Right, I am posting this message to try and rectify what has gone on with Damo Dunn and the cycling incident in PLymouth. after speaking to him personally, the incident is not as it was in his post. It may be hard for any of you to understand, but he did not mean it like it sounded. I have known him for many years and he has always been a bit gobby. I am a cyclist and as his friend was mega pissed off, which is why I shared the post. 

If I spoke with him first I would have calmed down and realised that it was not as he posted.

The actual incident involved a cyclist going up the inside of him whilst he was indicating and turning left. The cyclist then cycled into the side of his vehicle, and hit the deck. Damon STOPPED at the scene to make sure he was ok, the cyclist got up and shrugged it of, a bit embarrassed with his mistake. He then cycled off no worse for wear. No harm done, just a bruised ego.

If any1 was hurt i'm sure they would have contacted the police.

I know damo shouldn't have written what he did, but stupidly, he did.

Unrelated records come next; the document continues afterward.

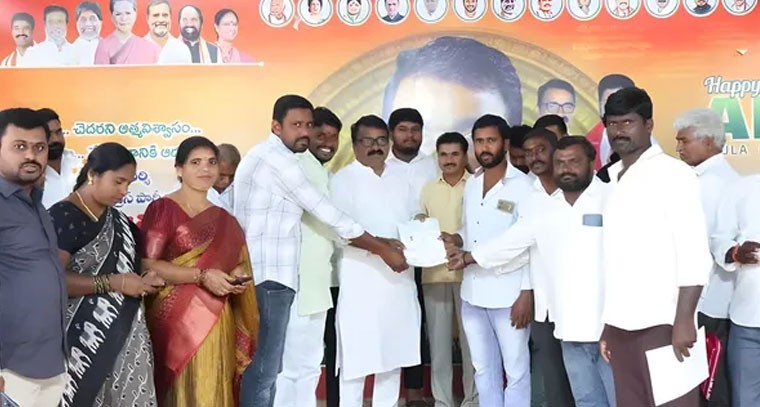 సీఎంఆర్ఎఫ్ చెక్కులు అందజేసిన పీసీసీ ప్రధాన కార్యదర్శి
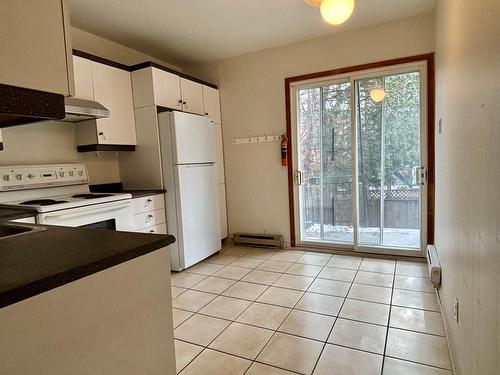 Cuisine - 2-1270 Rue Argyle, Montréal (Verdun/Île-Des-Soeurs), QC 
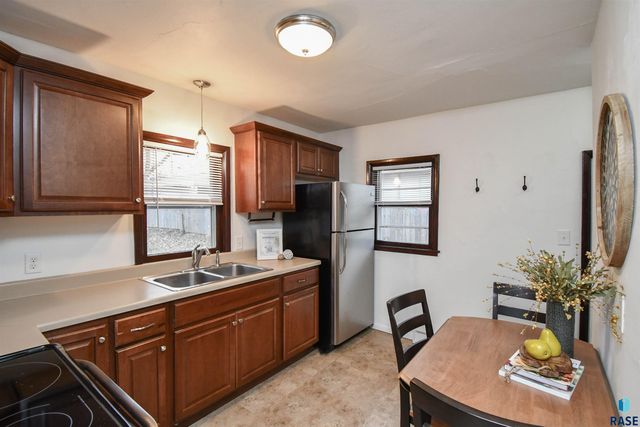 306 S Chicago Ave Avenue, Sioux Falls, SD 57103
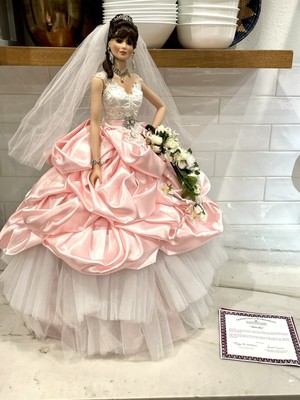 ASHTON DRAKE GALLERIES CINDY McClure " MIRELLA" GYPSY BRIDE Doll & Stand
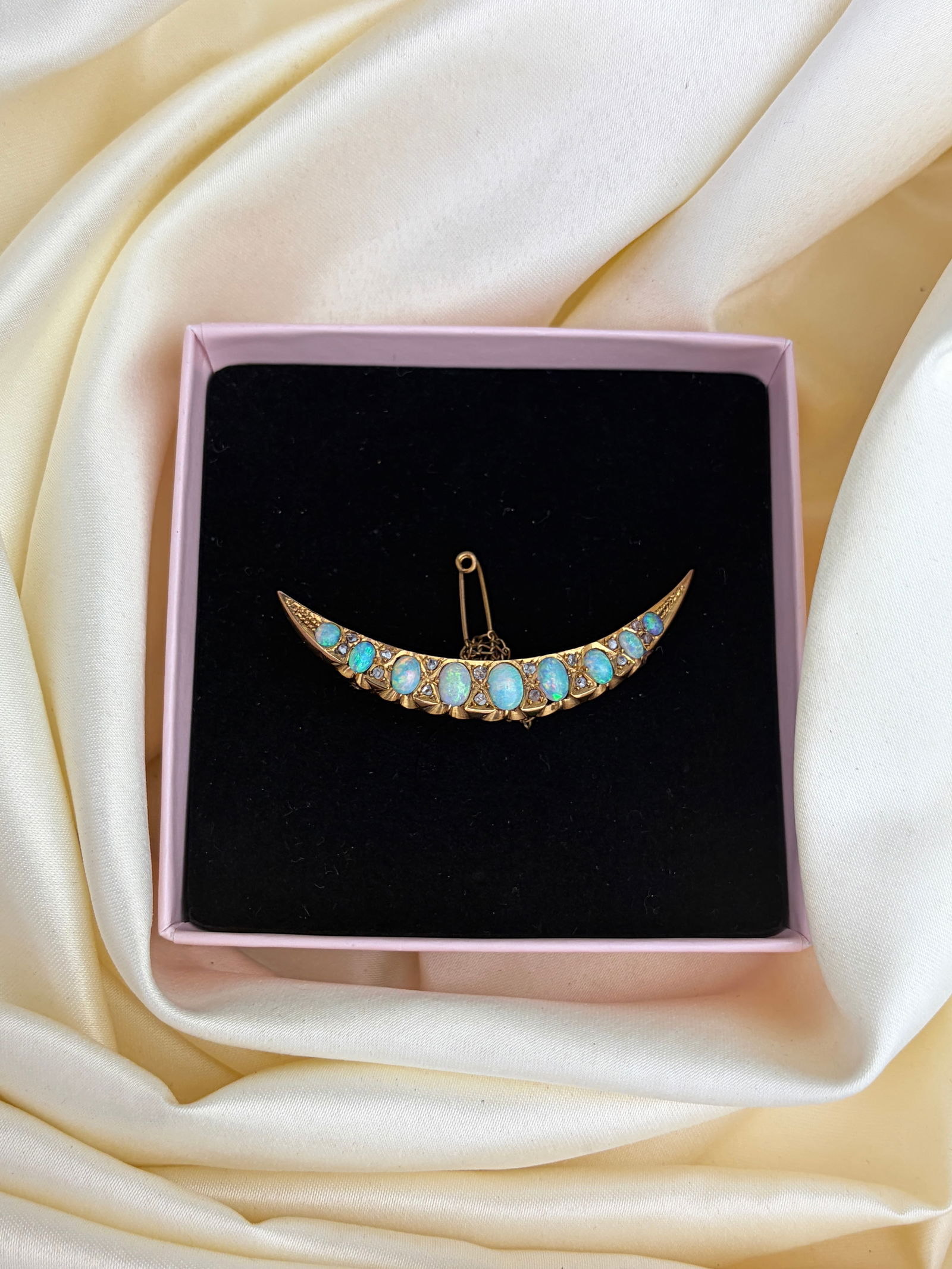 Vintage Large Opal and Diamond 15ct Gold Crescent Brooch - 6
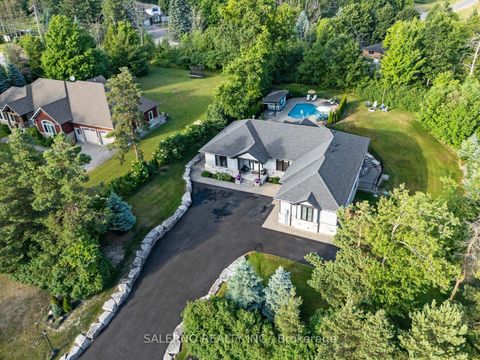 Photo 3 at 2065 Forest Valley Drive, Rural Innisfil, Innisfil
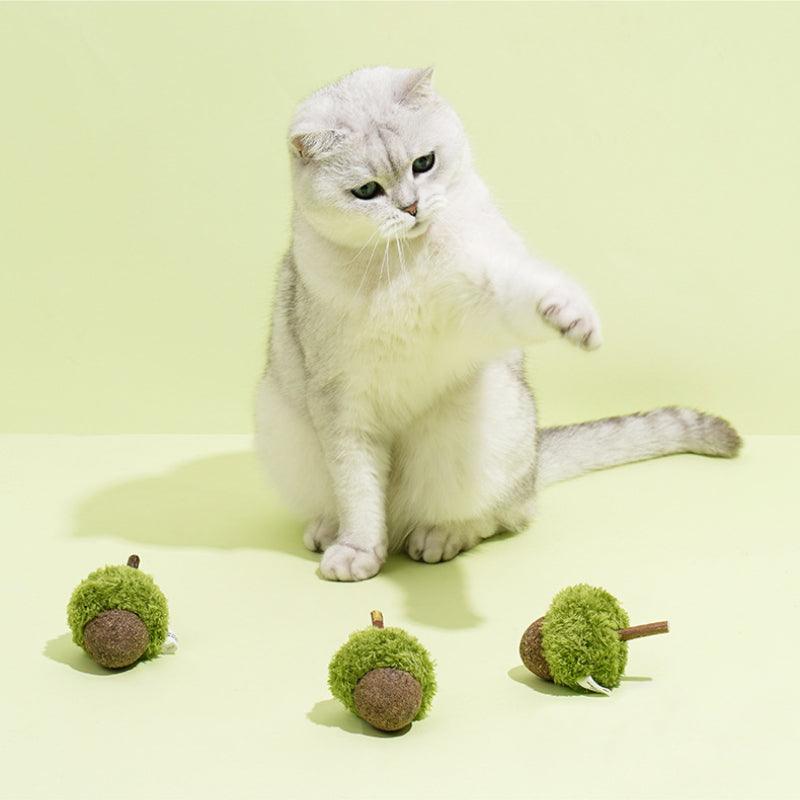 zeze® Acorn Catnip Toy - KIKOPALS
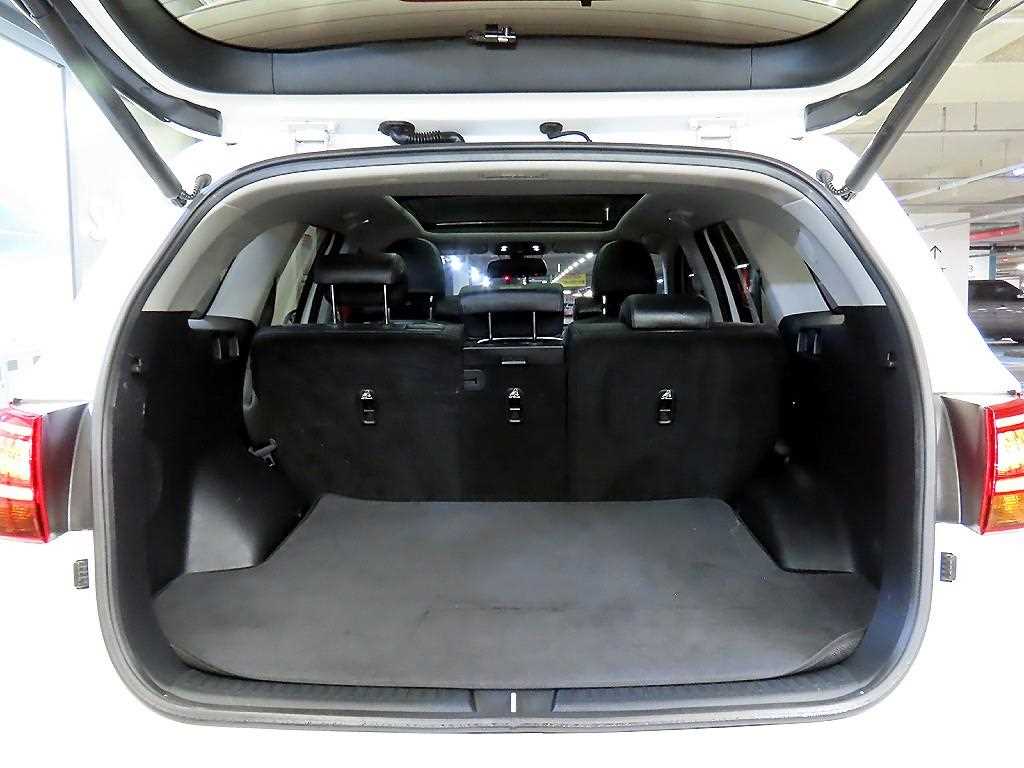 Kia Sorento — photo 16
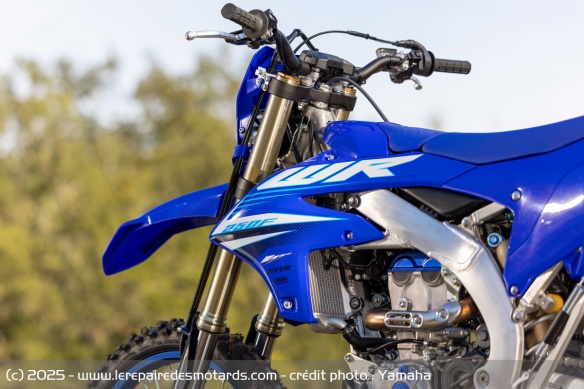La fourche inversée KYB de la Yamaha WR250F 2025 La fourche inversée KYB de la Yamaha WR250F 2025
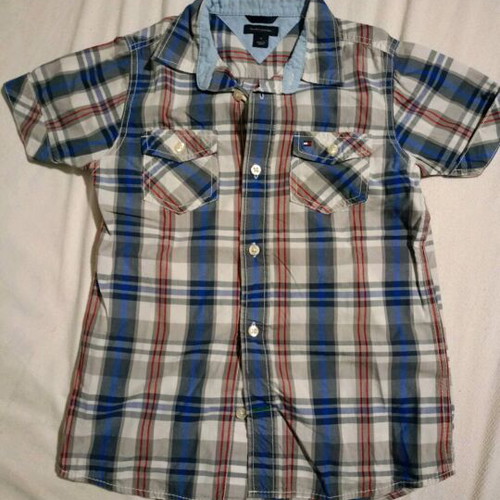 Tommy Hilfiger Boys Button Down Shirt like new, size 6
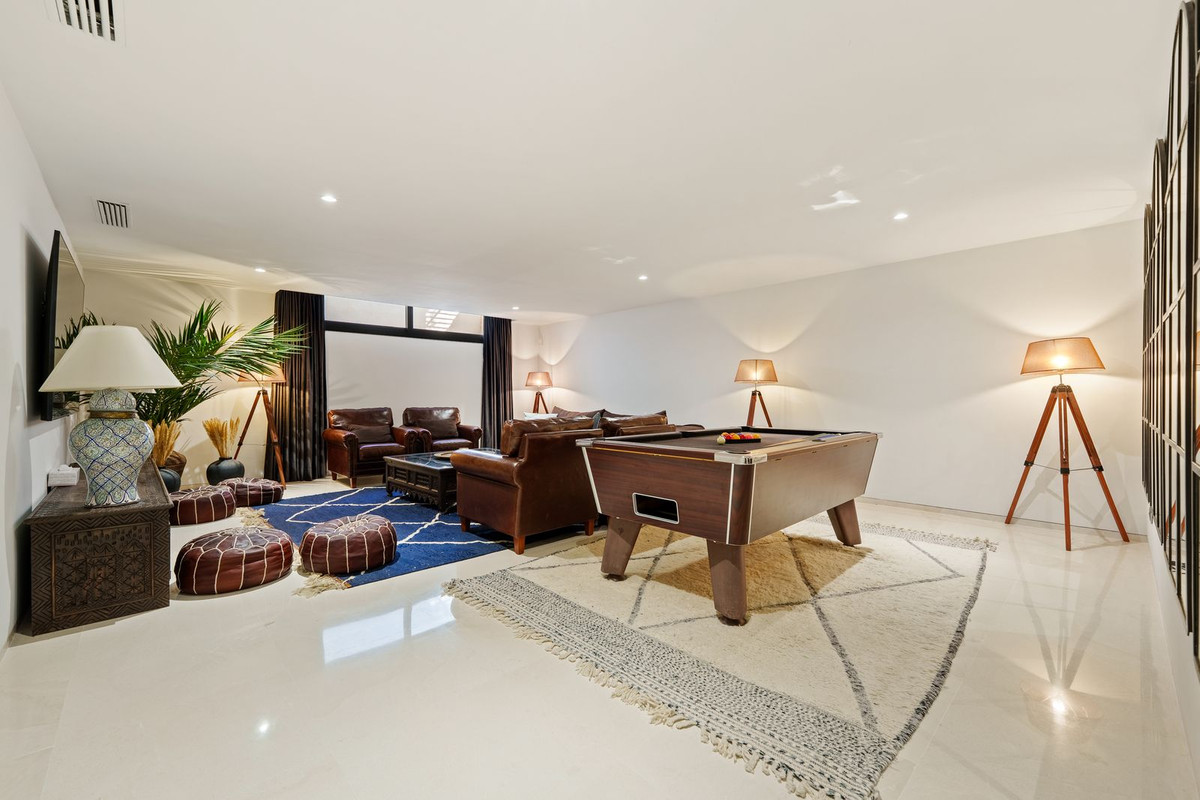 6 Bedroom Villa in Marbella - Photo 48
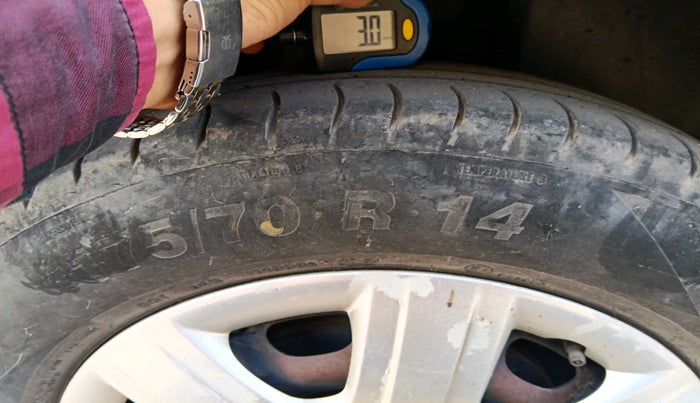 2012 Skoda Rapid AMBITION 1.6 TDI CR MT, Diesel, Manual, 93,238 km, tyre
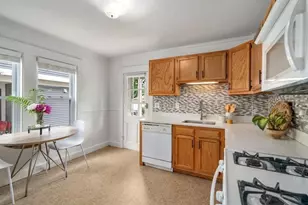 126 Bright St, Waltham, MA 02453 - Photo 11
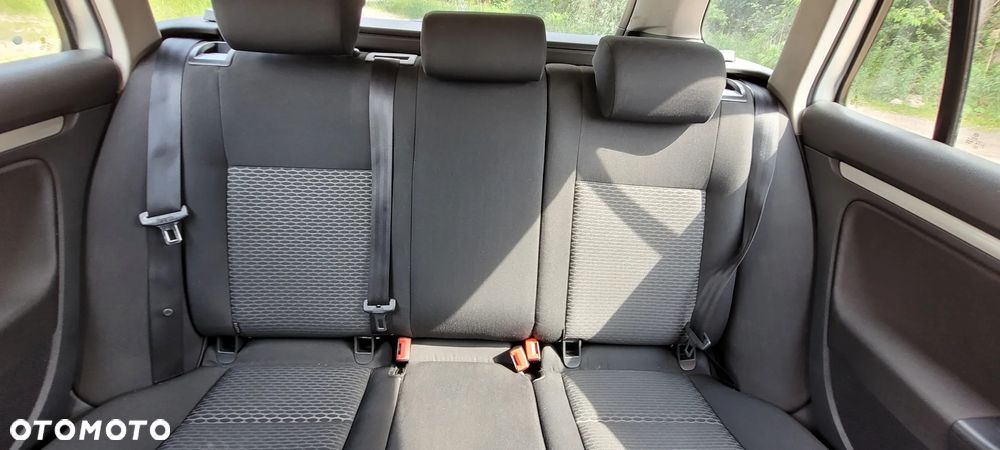 Volkswagen Golf 1.6 TDI Trendline - 17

I also took it the wrong way and did not like the fact or matter it was written with.
I am hoping this post will show people that he is not the cycle killer he has been made to look.

Also he is no longer my friend due to his remarkably stupid comments. He had no thought towards me or anyone else for that matter whilst writing that ridiculous post.
I am sorry if his stupidity has worried many of you but as an ex friend (15yrs he was my mate) I know he would wish no harm on anyone in any circumstance.
M G


----------



## Grosey (4 Dec 2013)

2802955 said:


> Qu'est Que C'est


 he is not the maniac driver he has been made to look is basically what I am trying to say. Although he is an idiot for posting what he did on facebook, he didn't actually do anything wrong in the incident. 
His only error was to post on fb. Like I have stated before, I am a keen cyclist and triathlete, so know that what he posted, if taken as it is, looks absolutely terrible. I hope you people can sort of understand. 
I cant understand why he wrote it like that, but I know he didn't mean it like that. And nobody got injured.


----------



## Sara_H (4 Dec 2013)

Grosey said:


> he is not the maniac driver he has been made to look is basically what I am trying to say. Although he is an idiot for posting what he did on facebook, he didn't actually do anything wrong in the incident.
> His only error was to post on fb. Like I have stated before, I am a keen cyclist and triathlete, so know that what he posted, if taken as it is, looks absolutely terrible. I hope you people can sort of understand.
> I cant understand why he wrote it like that, but I know he didn't mean it like that. And nobody got injured.


How did he mean it then?


----------



## jowwy (4 Dec 2013)

Grosey said:


> he is not the maniac driver he has been made to look is basically what I am trying to say. Although he is an idiot for posting what he did on facebook, he didn't actually do anything wrong in the incident.
> His only error was to post on fb. Like I have stated before, I am a keen cyclist and triathlete, so know that what he posted, if taken as it is, looks absolutely terrible. I hope you people can sort of understand.
> I cant understand why he wrote it like that, but I know he didn't mean it like that. And nobody got injured.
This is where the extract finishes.